6. Criticise with caution.
You will be required from time to time to point out mistakes or critique the work of your staff. This should be undertaken in a spirit of support: never criticise anyone’s work unless you can make practical suggestions for improvement.
7. For the sake of argument, don’t.
Arguing is a needless waste of energy and time. A battle between two closed minds only results in both parties clinging more tenaciously to their positions. It is far wiser to listen to the other point of view, understand the stance being taken, and attempt to guide the other party towards your point of view through negotiation.
8. Try to be tolerant of others.
Be aware that rarely is anyone ‘right’, because all of us view situations through our own unique perceptual filters. Conflict arises when we refuse to respect or tolerate another person’s values or opinions. Never condemn someone for failing to live up to your expectations, for such behaviour breeds hostility and frustration that is guaranteed to hurt your colleague – and you as well.
9. Never play favourites.
The teacher’s pet is often the cause of much resentment in the classroom. So too in the management situation. Avoid the friction caused among staff when you intentionally or unintentionally show preference for one staff member over another.

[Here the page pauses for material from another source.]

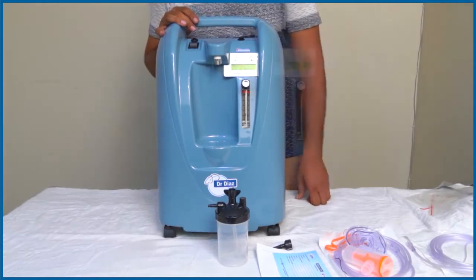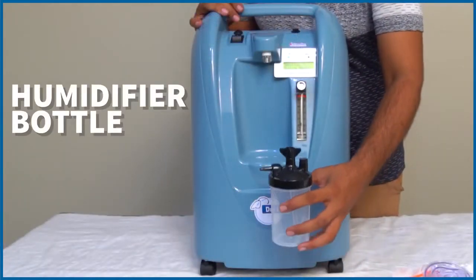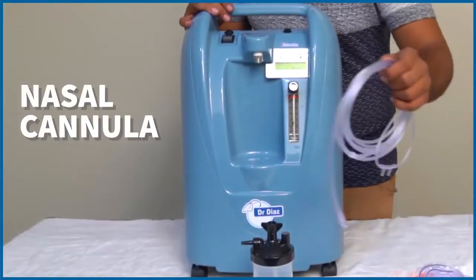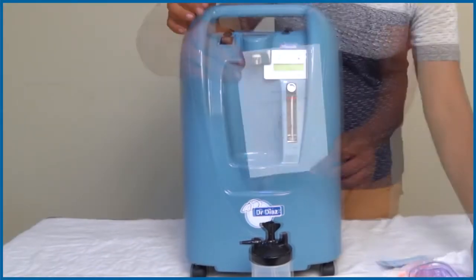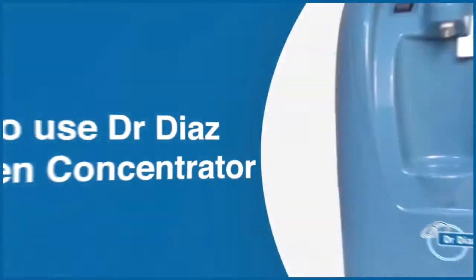Here are the following accessories: humidifier bottle, nozzle cannula, a user manual, and a nebulisation kit.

10. Confront an emerging conflict head-on
Finally, if a conflict situation between you and a member of staff seems inevitable, tackle it immediately by discussing it with those involved. Never leave the scene, sulk, or withdraw support or cooperation when the going gets tough – such behaviour will not defuse the core issue. Ignoring conflict situations will only ensure greater problems later on.
Carl Rogers suggested that, to clear up misunderstanding promptly, each party should restate the other’s position to the other’s satisfaction, thereby forcing each to briefly adopt the other’s frame of reference. The situation then becomes less emotional, with both parties doing more thinking and listening. The more rational people become, the greater the opportunity for conflict resolution.